Last month, auditors from South Carolina’s Commission of Higher Education released a report on the productivity of programs offered at its public colleges and universities. Benchmarks in enrollment and degrees awarded were the standard in determining the value of specific programs.
The audit found that 14% of 1,087 programs among the colleges were non-compliant with minimal enrollment standards. And of those 153 programs falling short of the benchmarks, South Carolina State University led all surveyed institutions with 32% of 67 audited degree programs not meeting the mark.
Given the state’s woeful record on investment in higher education combined with SCSU’s history of leadership turnover, corruption and legislative interference over the last decade, it’s not surprising that the university has more than 20 programs which do not enroll many students or do not graduate them. And with this data in mind, combined with a mandate from Gov. Henry McMaster for schools to reel in spending, SCSU and other public institutions will face one of their biggest challenges yet:
A state-supported ‘Student Bill of Rights,’ on its face, seeks to offer students greater access to education in-state higher education, affordable college tuition rates, and more detailed information about schools success in graduating students.
The plan emerges just a few months after the Higher Ed Commission went into overdrive promoting how spend-crazy the state’s public institutions have been for far too long.
Here is a breakdown on each of the details of the Bill of Rights framework, and how they could significantly harm South Carolina State.
Qualified in-state students should be first in line in the admission process, and out-of-state growth should not necessitate institutional expansion and capital spending. Out-of-state enrollments should be assessed, managed and potentially capped. We welcome students from throughout the country, appreciate the diversity and enhancement they bring to the educational experience, and encourage them to make South Carolina their home upon graduation. Our priority, however, must be to the taxpayers and students of this state. A significant majority of students attending our public universities should be from South Carolina, and institutions should be encouraged to set admission goals consistent with that standard.
In James Clark’s first year as SCSU president, out-of-state students represented 17% of SCSU’s total first-time undergraduate enrollment. In the four years prior? The average exceeded 23%. The university met the mark in increasing revenue from in-state students but fell well short of its recent history on attracting out-of-state and international students who pay more than $20,000 in tuition and fees.
Forcing the school to dial back out-of-state recruiting puts more pressure on the school to attract in-state students, which if it dips gives the school no financial space to navigate operational costs and debts.
Students should be able to freely transfer qualified courses between institutions. A system should be created to remove transferability barriers.
Course credit transfer obstacles are designed to limit students’ capacity to waste money, to maintain academic quality assurance, and to punish students for reducing schools’ graduation rates. Making it easier to get into SCSU, or to leave it, puts the school at greater vulnerability for tuition revenue losses and poor metrics in graduation rates, retention and student service provision.

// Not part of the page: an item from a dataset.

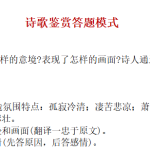 语文诗歌鉴赏万能答题模板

Cost of attendance should be capped, frozen, or decreased. While there may be rare and extraordinary circumstances that necessitate cost of attendance increases, institutions should actively seek ways to make higher education more affordable. Students should not be faced with the impossible choice of financial burden for their families or crippling debt upon their graduation. Institutions should adopt policies of transparency and consistency in disclosing fees. Students and their families have the right to know exactly what their education will cost. All fees should be clearly stated and transparent, and public institutions should use consistent terminology to allow for comparison.
In 2015, Pennsylvania higher education officials sought to cap tuition at its public institutions. Three years later, the state is looking to consolidate its institutions, with embattled Cheyney University as the centerpiece for the reorganization.
The Commission on Higher Education should collect, assess and monitor institution budgets (as proscribed by law) and enrollments. Students and their families have the right to expect that at every SC public college and university, they are placing their futures in the hands of strong and financially stable institutions. South Carolina’s students have the right to expect that their success and well being will be at the heart of every decision made at every level within the state’s higher education system.
Additional auditing and reporting requirements will continually expose SCSU as one of the state’s worst institutional performers, without a context of the school’s mission and challenges, and the areas where it is strongest. If SCSU faces the prospect of cutting degree programs for underperformance, what happens to its enrollment and funding prospects in the face of unqualified details of its shortcomings?
Tuition limits and transparency sounds great during election cycles and in the name of educational access. But for South Carolina State, it’s just the kind of deal that will cause even more disruption at the worst possible time.